Problem description:
Each entry that appears below should be restated exactly as it is.

Record excerpts:
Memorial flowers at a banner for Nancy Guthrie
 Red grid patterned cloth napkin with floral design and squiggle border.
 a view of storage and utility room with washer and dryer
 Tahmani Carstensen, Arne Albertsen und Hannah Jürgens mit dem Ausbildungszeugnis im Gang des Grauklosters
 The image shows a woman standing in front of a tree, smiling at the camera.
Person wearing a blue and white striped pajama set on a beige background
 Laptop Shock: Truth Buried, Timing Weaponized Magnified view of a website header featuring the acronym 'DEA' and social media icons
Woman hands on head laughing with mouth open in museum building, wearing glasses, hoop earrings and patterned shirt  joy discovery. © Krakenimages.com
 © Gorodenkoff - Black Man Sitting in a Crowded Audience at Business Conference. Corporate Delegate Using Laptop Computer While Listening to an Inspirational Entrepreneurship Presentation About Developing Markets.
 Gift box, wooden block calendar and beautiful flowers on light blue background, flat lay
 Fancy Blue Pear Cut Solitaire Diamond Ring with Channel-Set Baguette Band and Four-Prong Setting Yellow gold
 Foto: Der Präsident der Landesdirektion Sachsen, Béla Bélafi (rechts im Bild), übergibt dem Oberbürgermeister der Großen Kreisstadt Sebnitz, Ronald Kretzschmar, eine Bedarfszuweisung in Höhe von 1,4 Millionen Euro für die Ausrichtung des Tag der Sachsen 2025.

Answer:
Memorial flowers at a banner for Nancy Guthrie
 Red grid patterned cloth napkin with floral design and squiggle border.
 a view of storage and utility room with washer and dryer
 Tahmani Carstensen, Arne Albertsen und Hannah Jürgens mit dem Ausbildungszeugnis im Gang des Grauklosters
 The image shows a woman standing in front of a tree, smiling at the camera.
Person wearing a blue and white striped pajama set on a beige background
 Laptop Shock: Truth Buried, Timing Weaponized Magnified view of a website header featuring the acronym 'DEA' and social media icons
Woman hands on head laughing with mouth open in museum building, wearing glasses, hoop earrings and patterned shirt  joy discovery. © Krakenimages.com
 © Gorodenkoff - Black Man Sitting in a Crowded Audience at Business Conference. Corporate Delegate Using Laptop Computer While Listening to an Inspirational Entrepreneurship Presentation About Developing Markets.
 Gift box, wooden block calendar and beautiful flowers on light blue background, flat lay
 Fancy Blue Pear Cut Solitaire Diamond Ring with Channel-Set Baguette Band and Four-Prong Setting Yellow gold
 Foto: Der Präsident der Landesdirektion Sachsen, Béla Bélafi (rechts im Bild), übergibt dem Oberbürgermeister der Großen Kreisstadt Sebnitz, Ronald Kretzschmar, eine Bedarfszuweisung in Höhe von 1,4 Millionen Euro für die Ausrichtung des Tag der Sachsen 2025.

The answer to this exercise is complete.